The death certificate given his parents gave the cause as cerebral bleeding but the autopsy showed he also had 12 broken ribs. His family were convinced he was beaten to death. In March the head of the detention centre told Wang's family he had died of pneumonia and of beatings by other prisoners.
The death in custody was not unusual but the details were, unusually made available when Wang's parents provided information to foreign journalists as part of their campaign for an independent investigation.
In a country with an all-powerful security apparatus, and no independent judicial process, torture and ill-treatment of prisoners is widespread and, according to Amnesty, systematic. The torturers are rarely called to account.

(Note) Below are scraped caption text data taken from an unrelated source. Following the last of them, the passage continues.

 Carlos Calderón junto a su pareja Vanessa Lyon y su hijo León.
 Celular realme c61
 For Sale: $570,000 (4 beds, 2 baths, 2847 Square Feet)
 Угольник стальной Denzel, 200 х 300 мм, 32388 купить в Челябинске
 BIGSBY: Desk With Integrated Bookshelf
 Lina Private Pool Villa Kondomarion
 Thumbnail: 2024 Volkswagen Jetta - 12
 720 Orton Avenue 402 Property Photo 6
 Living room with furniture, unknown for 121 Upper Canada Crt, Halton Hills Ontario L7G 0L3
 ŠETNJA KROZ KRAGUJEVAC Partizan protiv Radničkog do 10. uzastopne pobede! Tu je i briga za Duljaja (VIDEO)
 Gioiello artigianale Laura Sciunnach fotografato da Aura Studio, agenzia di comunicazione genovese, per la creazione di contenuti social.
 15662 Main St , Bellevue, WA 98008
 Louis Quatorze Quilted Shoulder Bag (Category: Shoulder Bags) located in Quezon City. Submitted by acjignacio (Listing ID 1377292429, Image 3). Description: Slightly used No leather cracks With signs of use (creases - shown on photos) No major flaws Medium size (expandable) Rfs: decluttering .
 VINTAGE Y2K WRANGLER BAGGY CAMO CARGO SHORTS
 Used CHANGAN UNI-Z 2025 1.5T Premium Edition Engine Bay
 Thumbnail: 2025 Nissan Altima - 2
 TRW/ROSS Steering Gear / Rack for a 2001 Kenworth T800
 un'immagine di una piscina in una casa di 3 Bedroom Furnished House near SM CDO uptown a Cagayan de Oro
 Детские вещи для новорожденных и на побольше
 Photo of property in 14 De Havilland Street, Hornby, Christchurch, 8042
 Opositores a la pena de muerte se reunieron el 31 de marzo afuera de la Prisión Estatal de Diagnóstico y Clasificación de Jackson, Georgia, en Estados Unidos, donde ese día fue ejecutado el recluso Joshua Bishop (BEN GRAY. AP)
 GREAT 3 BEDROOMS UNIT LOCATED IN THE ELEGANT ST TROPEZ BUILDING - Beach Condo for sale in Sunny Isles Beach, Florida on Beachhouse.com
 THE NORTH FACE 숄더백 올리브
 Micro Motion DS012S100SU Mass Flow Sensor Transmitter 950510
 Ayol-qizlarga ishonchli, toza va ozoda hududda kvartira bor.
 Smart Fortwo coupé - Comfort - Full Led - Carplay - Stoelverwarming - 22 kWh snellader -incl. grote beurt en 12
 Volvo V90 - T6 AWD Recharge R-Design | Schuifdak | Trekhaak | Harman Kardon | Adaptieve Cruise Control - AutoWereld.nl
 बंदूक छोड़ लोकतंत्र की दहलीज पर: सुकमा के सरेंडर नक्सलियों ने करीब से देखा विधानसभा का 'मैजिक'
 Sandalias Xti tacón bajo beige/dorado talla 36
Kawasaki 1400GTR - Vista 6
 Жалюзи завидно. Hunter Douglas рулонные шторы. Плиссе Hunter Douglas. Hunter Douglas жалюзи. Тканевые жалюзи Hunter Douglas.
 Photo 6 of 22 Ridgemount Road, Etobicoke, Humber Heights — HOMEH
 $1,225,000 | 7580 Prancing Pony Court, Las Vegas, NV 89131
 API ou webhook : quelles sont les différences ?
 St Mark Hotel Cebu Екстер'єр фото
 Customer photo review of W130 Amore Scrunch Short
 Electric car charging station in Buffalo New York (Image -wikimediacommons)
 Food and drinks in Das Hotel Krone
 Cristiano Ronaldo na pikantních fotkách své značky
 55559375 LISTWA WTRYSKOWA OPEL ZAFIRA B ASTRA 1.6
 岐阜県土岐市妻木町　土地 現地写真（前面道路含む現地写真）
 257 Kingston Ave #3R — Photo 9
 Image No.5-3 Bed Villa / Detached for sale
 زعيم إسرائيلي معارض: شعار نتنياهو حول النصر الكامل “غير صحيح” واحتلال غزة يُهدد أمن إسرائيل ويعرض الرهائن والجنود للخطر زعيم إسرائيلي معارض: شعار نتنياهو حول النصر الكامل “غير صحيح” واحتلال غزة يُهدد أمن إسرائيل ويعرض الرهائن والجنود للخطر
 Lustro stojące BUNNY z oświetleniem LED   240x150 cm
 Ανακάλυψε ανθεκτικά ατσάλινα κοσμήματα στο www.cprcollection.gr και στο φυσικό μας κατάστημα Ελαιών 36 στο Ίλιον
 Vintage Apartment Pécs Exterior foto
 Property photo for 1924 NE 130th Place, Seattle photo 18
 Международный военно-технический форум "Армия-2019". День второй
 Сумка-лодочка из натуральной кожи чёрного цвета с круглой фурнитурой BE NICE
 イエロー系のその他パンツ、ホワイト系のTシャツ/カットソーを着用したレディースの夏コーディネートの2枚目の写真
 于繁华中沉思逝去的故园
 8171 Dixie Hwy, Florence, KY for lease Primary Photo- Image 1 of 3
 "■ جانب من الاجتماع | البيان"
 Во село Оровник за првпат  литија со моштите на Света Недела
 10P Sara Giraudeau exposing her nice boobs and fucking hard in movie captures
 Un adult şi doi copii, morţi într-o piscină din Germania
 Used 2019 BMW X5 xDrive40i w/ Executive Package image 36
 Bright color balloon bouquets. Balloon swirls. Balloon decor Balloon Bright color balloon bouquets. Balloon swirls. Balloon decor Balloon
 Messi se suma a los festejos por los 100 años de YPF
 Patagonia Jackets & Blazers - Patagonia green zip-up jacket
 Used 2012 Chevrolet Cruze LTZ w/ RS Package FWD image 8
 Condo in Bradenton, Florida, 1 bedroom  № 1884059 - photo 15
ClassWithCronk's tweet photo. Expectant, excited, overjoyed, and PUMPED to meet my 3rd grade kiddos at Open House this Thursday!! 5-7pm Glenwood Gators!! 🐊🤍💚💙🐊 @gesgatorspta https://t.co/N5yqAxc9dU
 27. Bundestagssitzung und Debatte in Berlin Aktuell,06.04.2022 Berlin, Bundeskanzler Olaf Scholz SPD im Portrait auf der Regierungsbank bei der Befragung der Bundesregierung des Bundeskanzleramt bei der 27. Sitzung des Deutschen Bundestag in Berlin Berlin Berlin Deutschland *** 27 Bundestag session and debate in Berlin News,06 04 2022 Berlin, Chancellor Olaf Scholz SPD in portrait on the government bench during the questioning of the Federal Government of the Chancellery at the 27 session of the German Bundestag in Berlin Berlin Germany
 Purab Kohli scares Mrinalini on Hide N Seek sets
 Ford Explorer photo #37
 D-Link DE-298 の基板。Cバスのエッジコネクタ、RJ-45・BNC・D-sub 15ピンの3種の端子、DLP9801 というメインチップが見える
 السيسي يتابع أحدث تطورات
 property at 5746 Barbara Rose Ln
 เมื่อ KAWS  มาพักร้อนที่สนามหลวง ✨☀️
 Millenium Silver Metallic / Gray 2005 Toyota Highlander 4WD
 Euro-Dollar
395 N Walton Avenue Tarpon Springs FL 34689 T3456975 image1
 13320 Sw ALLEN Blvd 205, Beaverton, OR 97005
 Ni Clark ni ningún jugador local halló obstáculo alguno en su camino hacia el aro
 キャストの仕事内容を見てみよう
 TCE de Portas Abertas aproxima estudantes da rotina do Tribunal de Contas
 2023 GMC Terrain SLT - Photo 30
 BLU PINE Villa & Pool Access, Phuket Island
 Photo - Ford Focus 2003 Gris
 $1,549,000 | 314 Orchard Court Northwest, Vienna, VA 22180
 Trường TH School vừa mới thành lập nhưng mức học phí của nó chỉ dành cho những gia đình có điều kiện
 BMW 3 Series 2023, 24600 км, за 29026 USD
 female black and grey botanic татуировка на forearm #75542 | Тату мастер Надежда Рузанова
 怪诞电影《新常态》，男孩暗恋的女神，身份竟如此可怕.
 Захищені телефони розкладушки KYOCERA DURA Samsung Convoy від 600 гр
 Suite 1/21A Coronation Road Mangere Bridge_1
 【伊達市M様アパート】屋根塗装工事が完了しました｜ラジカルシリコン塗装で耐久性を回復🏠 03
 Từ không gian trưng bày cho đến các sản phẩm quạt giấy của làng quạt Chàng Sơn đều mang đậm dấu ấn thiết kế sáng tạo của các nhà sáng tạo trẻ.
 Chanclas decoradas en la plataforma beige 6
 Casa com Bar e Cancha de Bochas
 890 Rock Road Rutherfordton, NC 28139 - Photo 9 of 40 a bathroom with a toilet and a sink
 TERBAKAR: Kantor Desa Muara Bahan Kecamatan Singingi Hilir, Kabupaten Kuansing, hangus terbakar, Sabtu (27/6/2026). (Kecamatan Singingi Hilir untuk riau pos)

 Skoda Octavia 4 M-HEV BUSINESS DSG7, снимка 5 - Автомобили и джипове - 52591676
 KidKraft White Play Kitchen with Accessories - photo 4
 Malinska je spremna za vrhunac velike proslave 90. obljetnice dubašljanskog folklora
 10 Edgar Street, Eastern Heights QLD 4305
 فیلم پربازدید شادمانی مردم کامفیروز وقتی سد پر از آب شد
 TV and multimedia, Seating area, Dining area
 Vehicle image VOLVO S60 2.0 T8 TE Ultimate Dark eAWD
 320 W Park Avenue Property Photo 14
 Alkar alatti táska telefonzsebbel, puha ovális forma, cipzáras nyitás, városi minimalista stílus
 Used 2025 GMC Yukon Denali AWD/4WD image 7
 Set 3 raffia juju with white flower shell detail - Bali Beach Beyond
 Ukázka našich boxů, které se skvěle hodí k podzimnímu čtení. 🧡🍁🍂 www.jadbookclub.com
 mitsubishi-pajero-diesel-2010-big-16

No statistics are published on deaths in custody, and there are few reliable indications of the real scale of the problem. In October 1993, the Henan Legal Daily said that in that province 41 prisoners and "innocent suspects" had died as a result of torture during interrogation between 1990 and 1992, reported Amnesty. Torture methods that were mentioned by the official newspaper included victims being tied up, scalded with boiling water, hit with bottles, burned with cigarettes, lashed with belts, or having electric prods placed on their genitals. Political prisoners who have been released from jail and subsequently left China have substantiated the reported ill-treatment, including years in solitary confinement.
Violations take place across the board, from the arresting police station, to detention centres and labour camps and jails. China ratified the UN Convention against Torture seven years ago, but, despite the central government's attempts to stop such incidents, the public security and prison authorities still operate without any outside controls.